Boom von Zwangsräumungen auf den Kanaren

Urteil

Kanaren:
Im 2. Quartal diesen Jahres gab es auf den Kanaren insgesamt 1.110 Zwangsräumungen, das sind 121 (12,2%) mehr, als im gleichen Zeitraum des Vorjahres 2017. Früher war die Wirtschaftskrise der Grund dafür, weil viele einfach nicht mehr zahlungsfähig waren. Delinquente Mieter konnten sich in der Praxis bis zu 2 Jahre vor einer Zwangsräumung verbarrikadieren. Durch Gesetzesänderung für schnellere Räumungen ist die Frist für Räumungen bei Nichtzahlung heutzutage auf rund 4 Monate geschrumpft. Die Spannungen zwischen Vermietern und Mietern wächst, da die Ersteren nun immer öfters ihre Immobilien zur Ferienvermietung anbieten, um damit ein höheres Einkommen zu erzielen und somit den Boom von Zwangsräumungen voran treiben.
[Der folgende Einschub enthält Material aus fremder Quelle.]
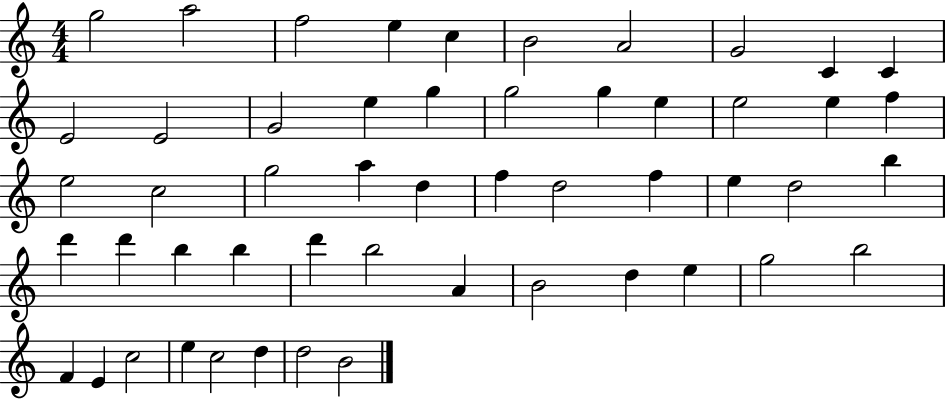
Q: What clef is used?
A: treble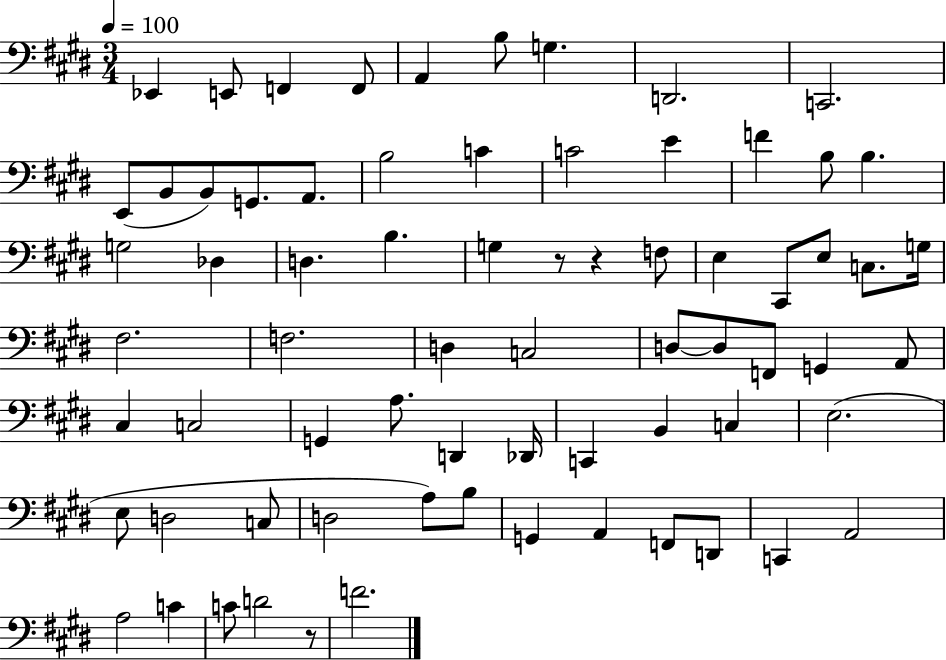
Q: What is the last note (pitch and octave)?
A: F4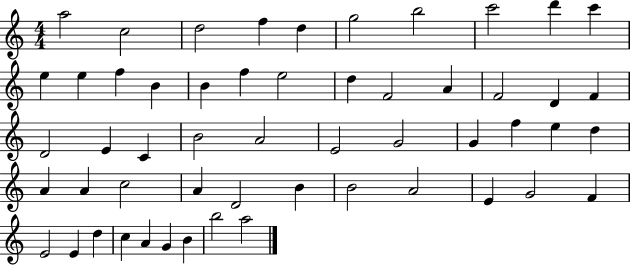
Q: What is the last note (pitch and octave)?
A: A5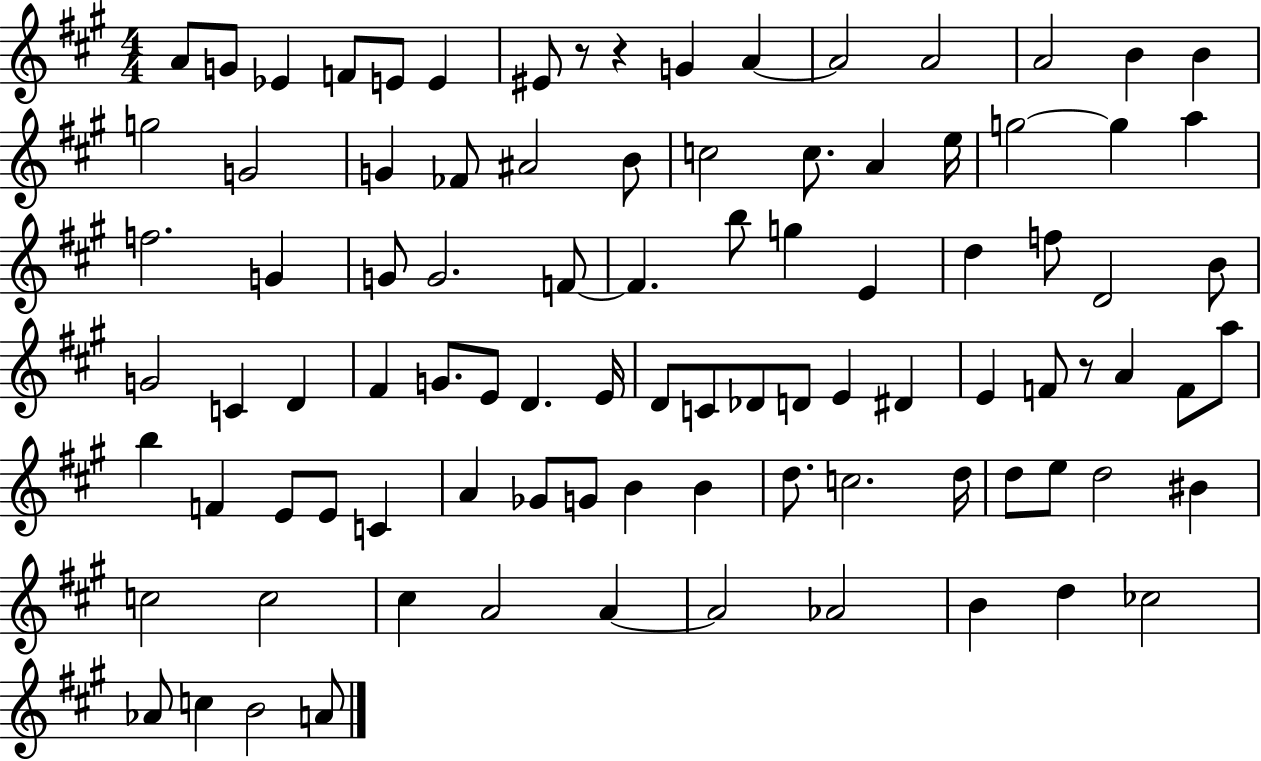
{
  \clef treble
  \numericTimeSignature
  \time 4/4
  \key a \major
  a'8 g'8 ees'4 f'8 e'8 e'4 | eis'8 r8 r4 g'4 a'4~~ | a'2 a'2 | a'2 b'4 b'4 | \break g''2 g'2 | g'4 fes'8 ais'2 b'8 | c''2 c''8. a'4 e''16 | g''2~~ g''4 a''4 | \break f''2. g'4 | g'8 g'2. f'8~~ | f'4. b''8 g''4 e'4 | d''4 f''8 d'2 b'8 | \break g'2 c'4 d'4 | fis'4 g'8. e'8 d'4. e'16 | d'8 c'8 des'8 d'8 e'4 dis'4 | e'4 f'8 r8 a'4 f'8 a''8 | \break b''4 f'4 e'8 e'8 c'4 | a'4 ges'8 g'8 b'4 b'4 | d''8. c''2. d''16 | d''8 e''8 d''2 bis'4 | \break c''2 c''2 | cis''4 a'2 a'4~~ | a'2 aes'2 | b'4 d''4 ces''2 | \break aes'8 c''4 b'2 a'8 | \bar "|."
}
Kanaren haben das schwächste Wirtschaftswachstum in Spanien

Wirtschaft

Spanien – Kanaren:
Laut Schätzungen von Ceprede (Centro de Predicción Económica) werden die Kanaren 2018 mit dem schwächsten Wachstum des Landes enden. Demnach werden die Kanaren das Jahr mit einem Wachstum des Bruttoinlandsprodukts (BIP) von 2 % beenden, das ist das niedrigste aller autonomen Gemeinschaften. In ganz Spanien wird ein Wachstum von 2,7% erwartet.  Wenn diese Schätzungen sich bestätigen, dann hätte sich die Wirtschaft der Kanaren in den letzten 3 Jahren merklich verlangsamt und zwar von einem Wachstum von 3,8% (das höchste des Landes) im Jahr 2016 auf weitere 2,9% in 2017 und schließlich auf 2,0% im Jahr 2018.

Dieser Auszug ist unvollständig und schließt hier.